I have a corpus of 643 documents with different sizes and my goal is to cluster them according their topics and label each cluster with semantic name for its main topic.

I have tired different approaches for clustering including:

  1. Clustering based on cosine distance between the tf-idf vector of weights representing words in each document.

  2. Clustering based on finding the tf-idf of words in each document, then use LSA (Latent Semantic Analysis) to find an approximate representation of the document in the LSA.. Then I forumulate a number of query terms. Each query represent a topic and rank documents according to their similarity to the different queries.

  3. Clustering based on finding the tf-idf of words in each document. Then use PCA to find the principal components and then choose the first 10 components (contributing to more than 97% of variance between documents) and perform clustering based on it.

I use Hierarchical agglomerative Clustering and I employ the Silhouette value to get an indication for the optimal cut level of the resultant dendrogram and therefore the number of clusters.

However, I don't think that the clustering results really represent documents belonging to different topics. Most of time I end with having one very big cluster (> 200 documents) and other few clusters with small number of documents each.

I have noticed that the documents are different in their size significantly, The quantiles for the number of words / document are as follow:

25% of documents have 6 or more words.
50% of documents have 12 or more words
75% of documents have 21 or more words
3 documents have more than 200 words. (The one with maximum words have 608 words).

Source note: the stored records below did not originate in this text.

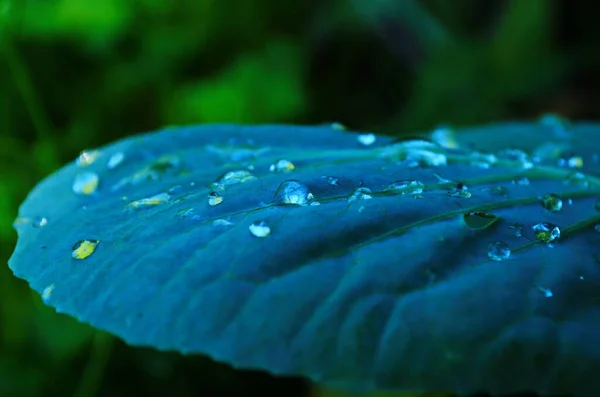 Repolho Jovem Cresce Uma Cama Jardim Gotas Água Folhas Repolho — Fotografia de Stock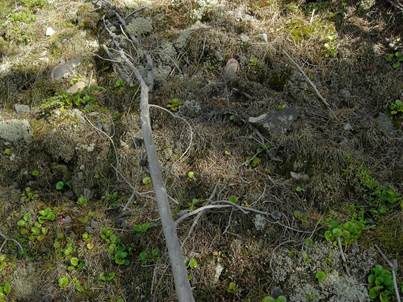 Braungrüne Keulenflechte, Foto 6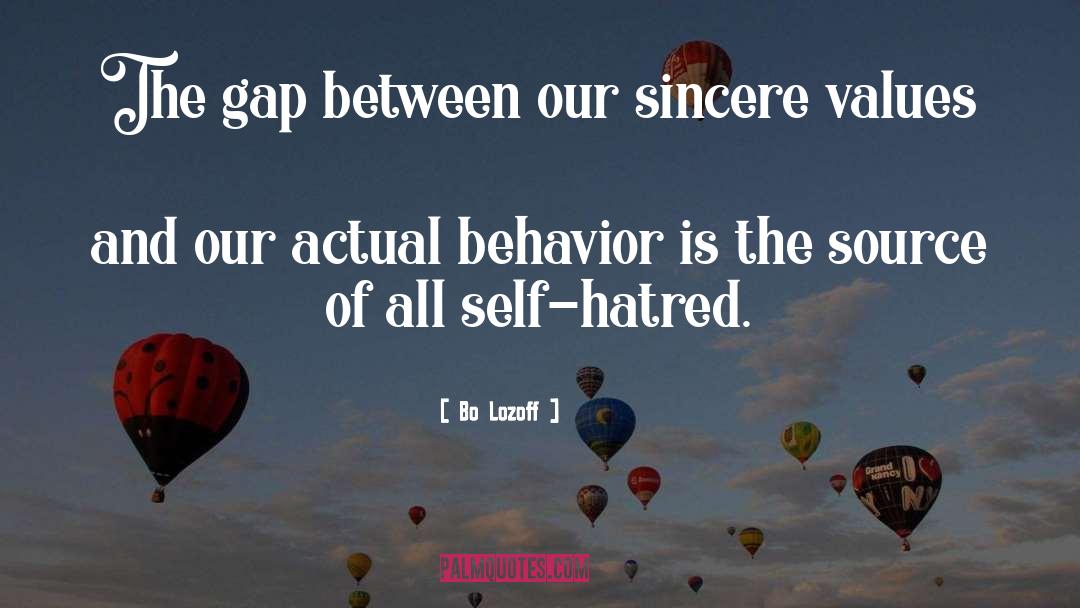 Bo Lozoff Quotes: The gap between our sincere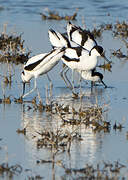 Avocette élégante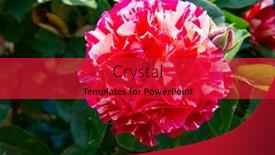  Presentation with magenta - PPT theme with roses-bush-blooming-beautiful-whte background and a red colored foreground
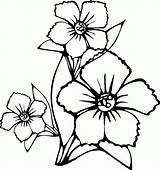 Coloring Flowers Pages Hawaiian Printable Popular sketch template
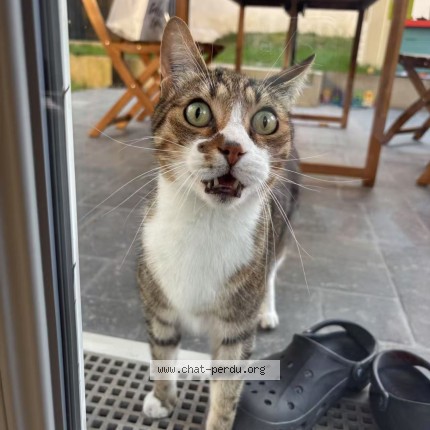 Photo of a cat found in Noisy Le Grand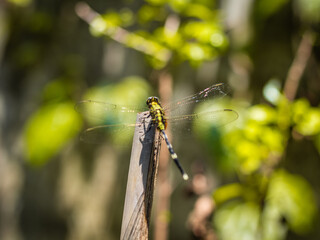 Close-up of a green dragonfly perched on a wooden stick, captured in natural sunlight with a soft blurred background.  
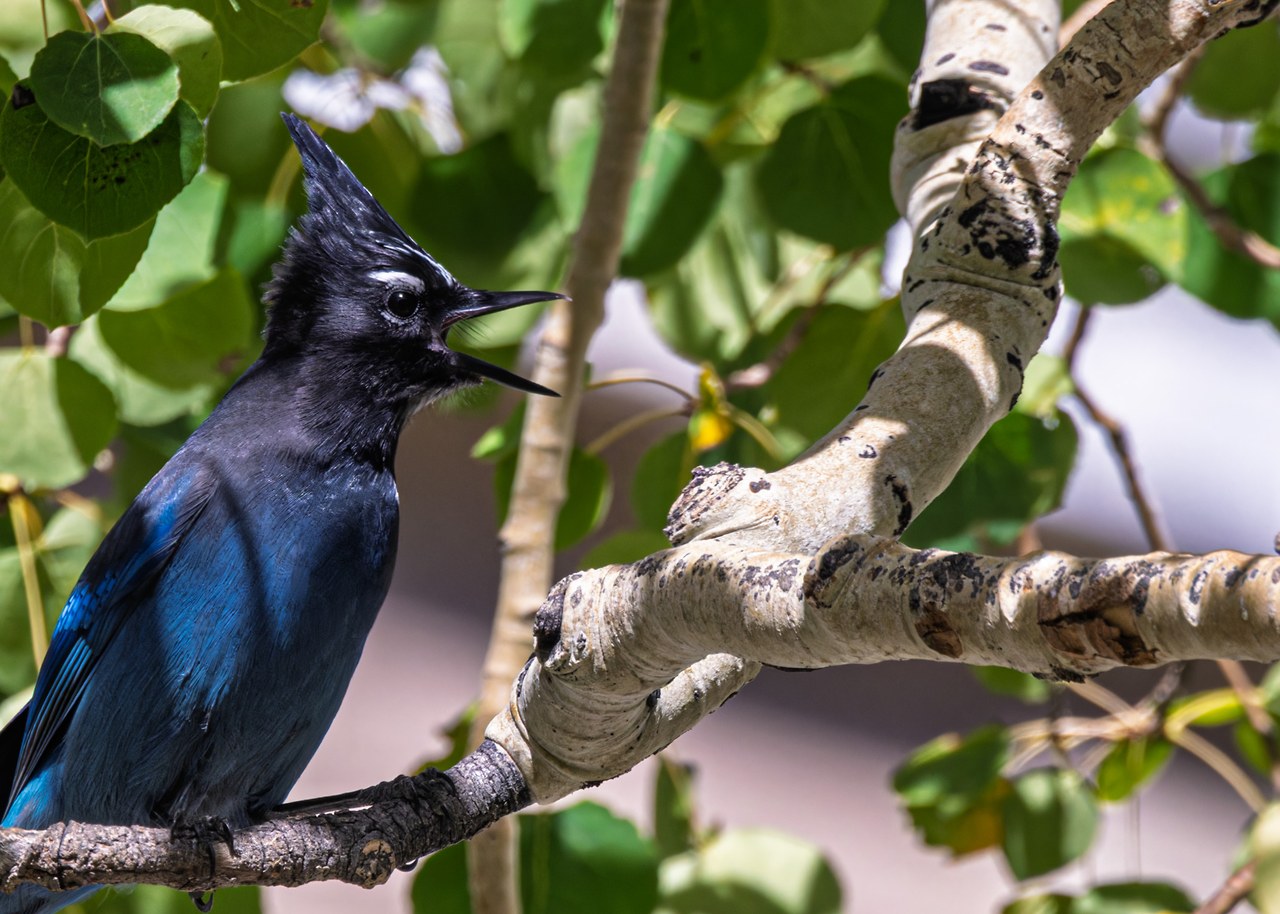 Steller’s Jay calling from an aspen branch at Alta, Utah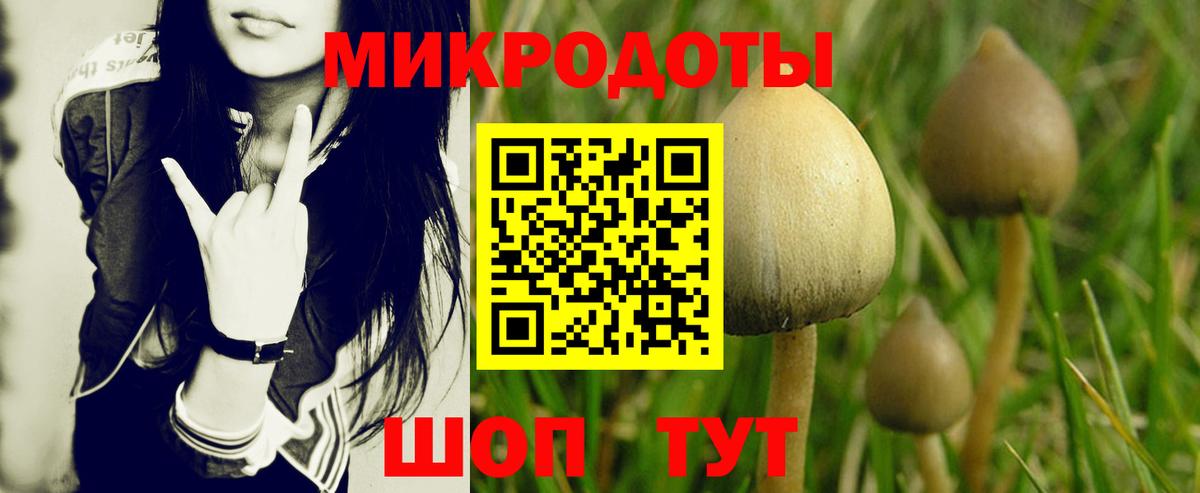 купить наркотик  Псилоцибиновые грибы мицелий  Вход с VPN  Новошахтинск 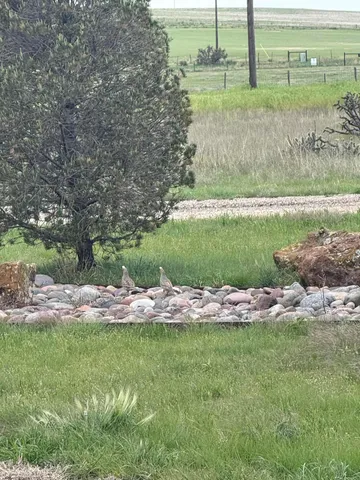 $950,000 | 9550 Farm To Market Road 1714, Canyon, TX 79015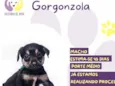 Gorgonzola
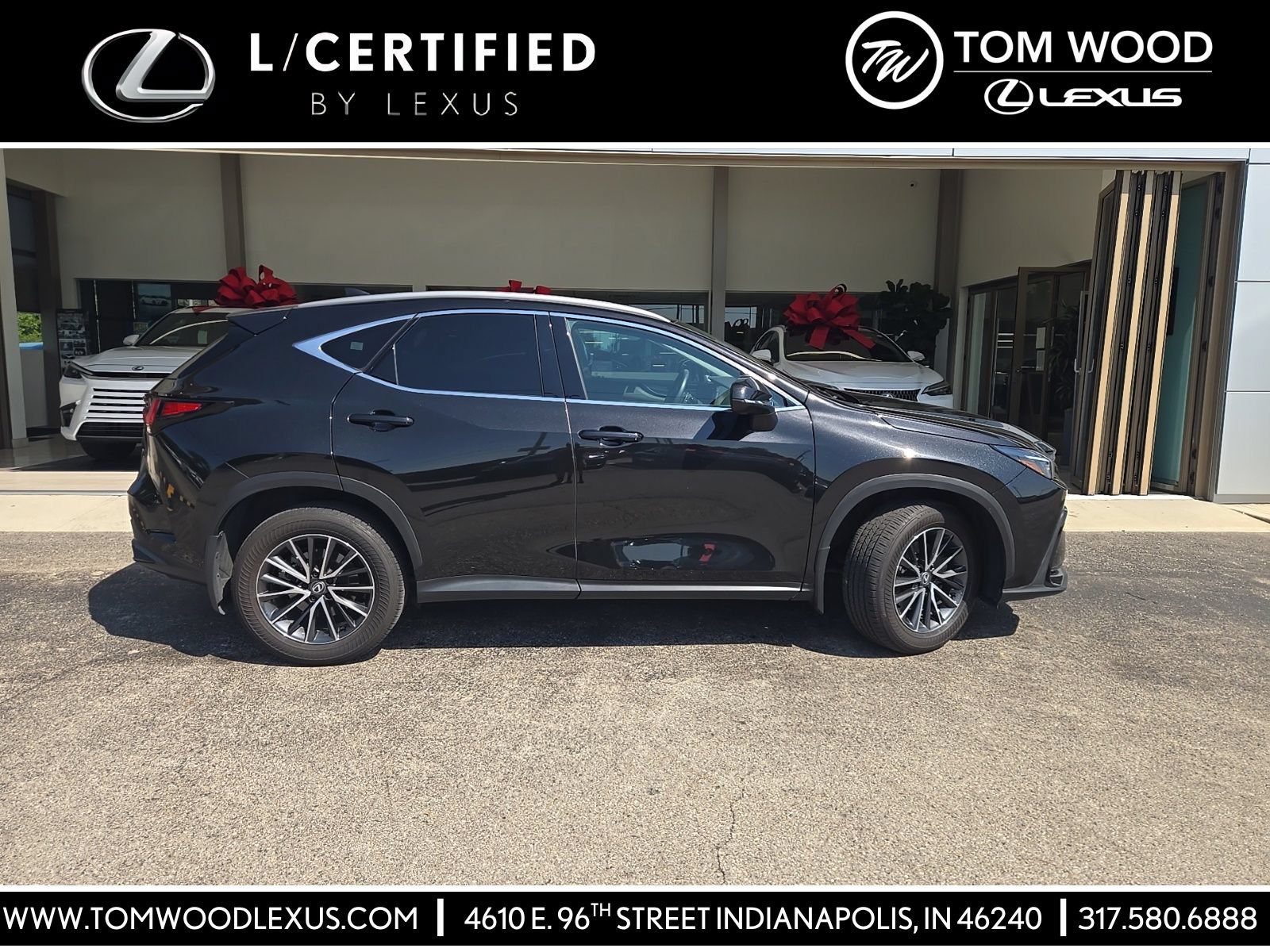 2025 Lexus NX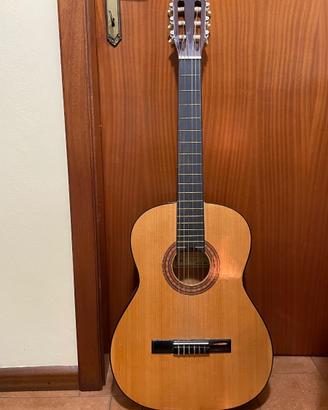 Chitarra  Masaaki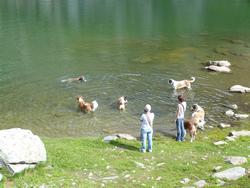 Clic pour agrandir l'image (1024x768 pixels; 148 KB)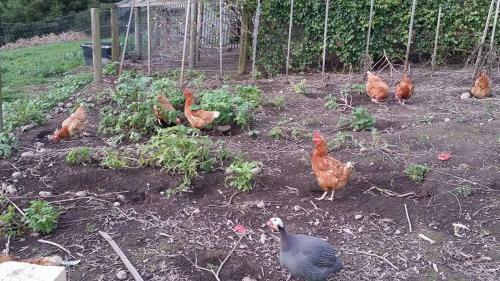 Hostal Pear Tree Cottage Bed And Breakfast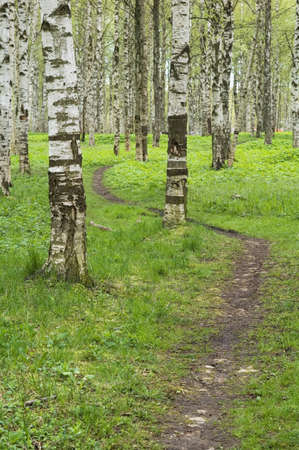 woodsの写真素材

Do you think that the big variation for number of words can be a reason for a problem in clustering. ?? and If Yes, would you please suggest possible methods to solve such problem.

Best Answer

The TF part of the TF-IDF approach is supposed to use relative term frequencies, which equals normalizing the data by document length.

This is probably as good as you can do to counter this problem.

Topic clustering isn't trivial. There is much more to language than topics. So the clustering algorithm may well end up clustering text by e.g. ethnicity or gender or educational status of the author: these may all be different reasons for people using different words and language.

Without supervision, there is by no means a guarantee that you will have topic clusters.